### GIVEN DATA
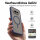 Matte Case Magsafe Hülle für Nothing Phone 4A Schutzhülle Kratzfest Blau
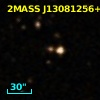 2MASS J13081256+0016437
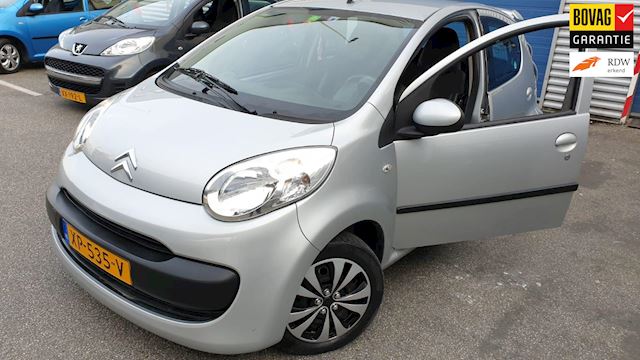 Citroen C1 1.0 Airco/Elek pakk/Nw APK/Garantie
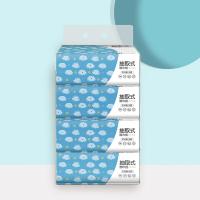 斯弥儿 抽取式面巾纸 SMR-JJZJ001 3层*110抽*4包 (单位:提)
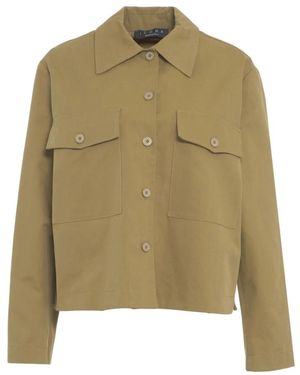 Kaos Light Jackets - Verde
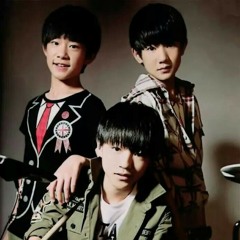 一个像夏天一个像秋天（TF好声音）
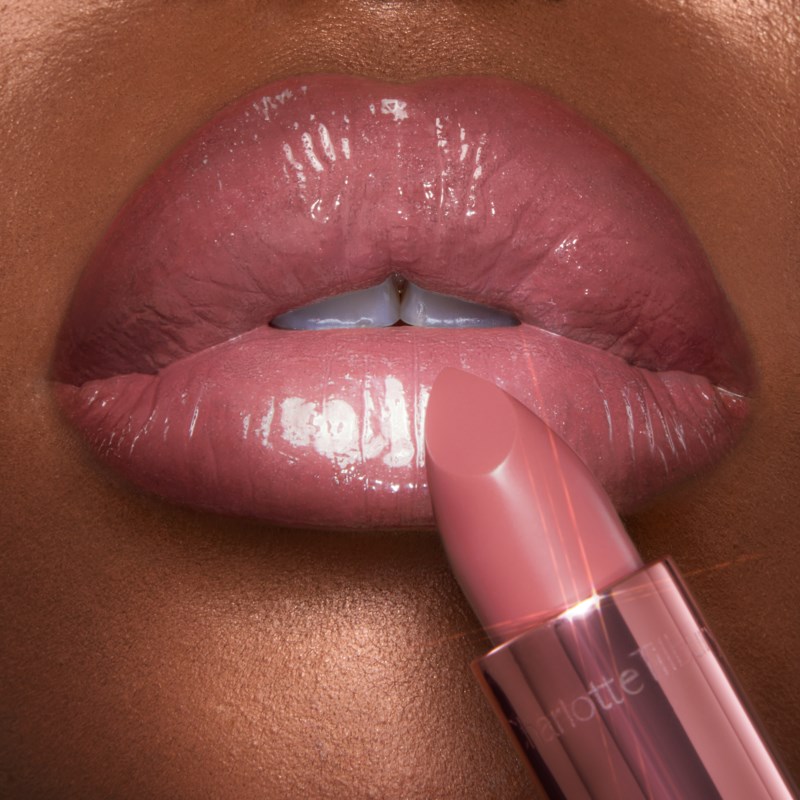 K.i.s.s.i.n.g lipstick night crimson 3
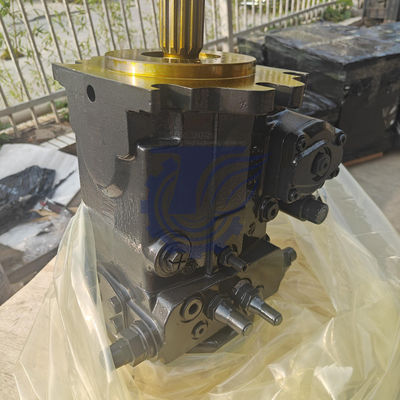 418-18-31101 418-18-31102 4181831101 برای KOMATSU WA250PZ-6 WA250-6 WA250-5L شحن کننده های چرخ دار قطعات پمپ هیدرولیک پمپ اصلی پمپ دستگاه پمپ HST پمپ پس از فروش اصلی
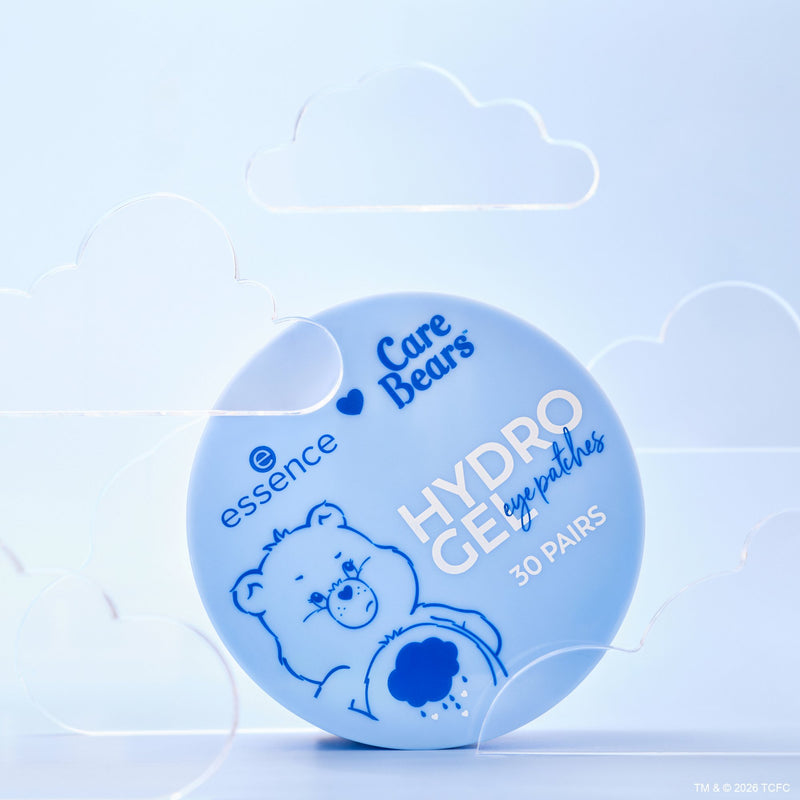 Care Bears Hydro Gel Eye Patches 30 Pairs 01 Do Not Disturb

### TASK ITEM
Would you output the full listing exactly as it stands, minus the images?

### OUTPUT
 Matte Case Magsafe Hülle für Nothing Phone 4A Schutzhülle Kratzfest Blau
 2MASS J13081256+0016437
 Citroen C1 1.0 Airco/Elek pakk/Nw APK/Garantie
 斯弥儿 抽取式面巾纸 SMR-JJZJ001 3层*110抽*4包 (单位:提)
 Kaos Light Jackets - Verde
 一个像夏天一个像秋天（TF好声音）
 K.i.s.s.i.n.g lipstick night crimson 3
 418-18-31101 418-18-31102 4181831101 برای KOMATSU WA250PZ-6 WA250-6 WA250-5L شحن کننده های چرخ دار قطعات پمپ هیدرولیک پمپ اصلی پمپ دستگاه پمپ HST پمپ پس از فروش اصلی
 Care Bears Hydro Gel Eye Patches 30 Pairs 01 Do Not Disturb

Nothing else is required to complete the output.